For NPR, the iPad Means a New App–And a New Web Site
But the standoff between Apple (AAPL) and Adobe has prompted NPR to take on another engineering project at the same time: It is building a version of its Web site designed specifically for the iPad.
So if all goes as planned, iPad users who want to listen to NPR programming will have a couple choices next month. They can:
- Download a free iPad-optimized version of the broadcaster’s popular (two million downloads) iPhone app. Or
- Use the iPad’s browser to visit NPR.org, which will detect that it’s being viewed with Apple’s device and serve up a custom-built site. This means no trace of Adobe’s (ADBE) Flash, which is used to power graphics and media on the site.
I’ve heard about a handful of other big publishers who are altering some but not all of their Web sites to create iPad-optimized versions.
That’s what The Wall Street Journal–like this Web site, the Journal is owned by News Corp. (NWS)–is doing, for instance: Visitors to the newspaper’s front page will see an iPad-specific, Flash-free page. But those who click deeper into the site will eventually find pages that haven’t been converted.

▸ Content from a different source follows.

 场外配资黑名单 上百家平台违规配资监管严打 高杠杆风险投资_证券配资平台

Kinsey Wilson, who oversees digital media for NPR, says he has been able to create a new version of his Web site–while keeping the existing one up and running for other visitors–because of the site recent redesign, which split up the data that powers the site from its presentation layer. In English, this means NPR can swap out the site’s facade while keeping its plumbing and foundation intact.

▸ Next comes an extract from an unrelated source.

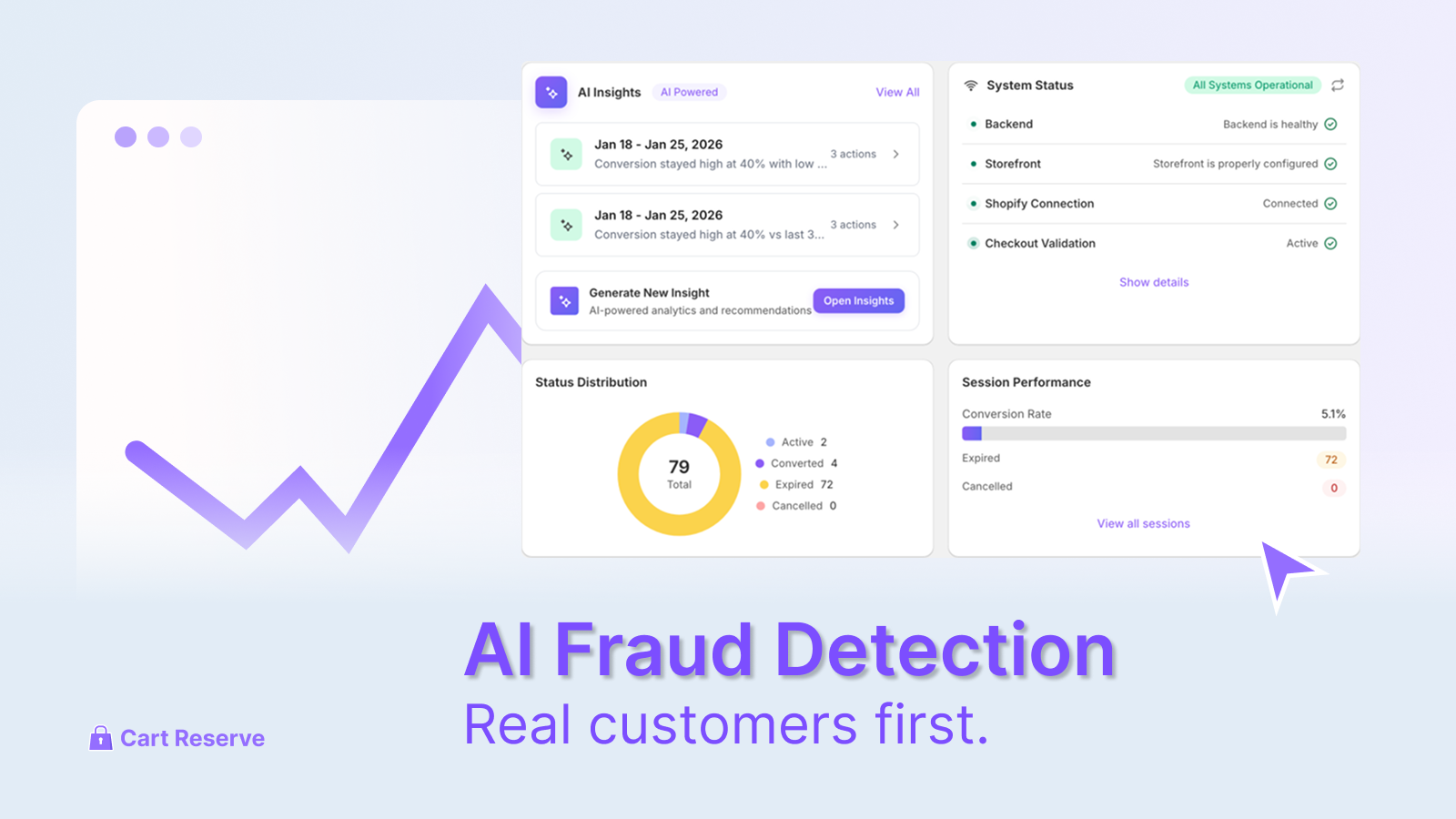 The to AI-Powered Fraud Detection in Stable Checkout Plugins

Just as important: NPR only runs a smattering of advertising, in the form of sponsorships it sells to a handful of marketers. This means it doesn’t have to worry about how to handle the Web ad ecosystem, which depends on Flash. Wilson says NPR has locked up a launch sponsor for both the iPad app and the custom site.

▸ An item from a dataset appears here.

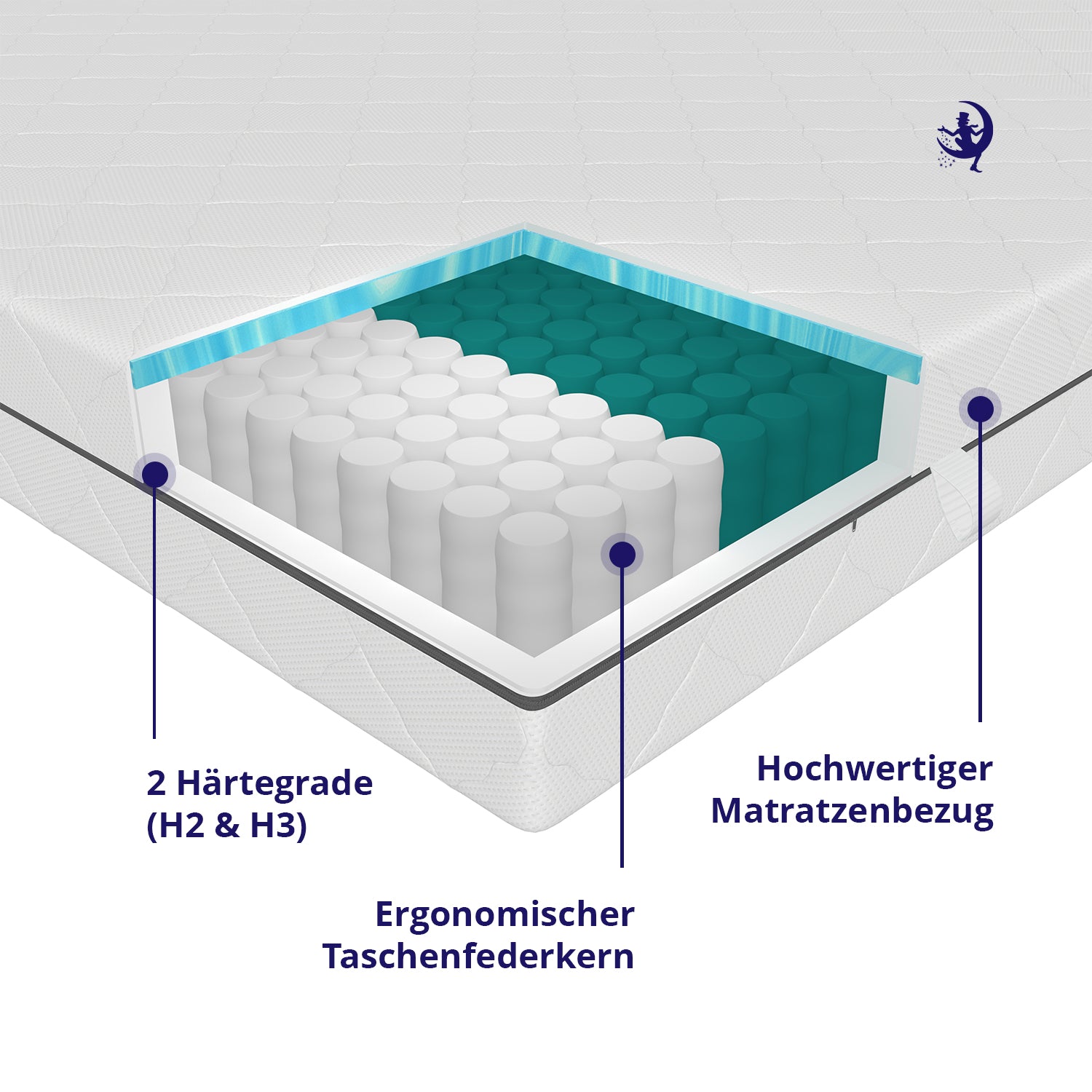 Ergonomische Matratze mit Taschenfederkern, zwei Härtegraden (H2 & H3) und atmungsaktivem Bezug für optimalen Liegekomfort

So what will the app and site look like? Alas, NPR won’t let me see a demo or look at mock-ups, i part, I gather, because the network is still building the things.
But here’s something to chew on until launch: Wilson says that while iPhone apps are a “very intentional experience”–you load the thing up and seek out specific content–he thinks the iPad will be a “lean back device.” That’s traditionally the distinction multimedia types use to differentiate between a computer and a TV. Intriguing.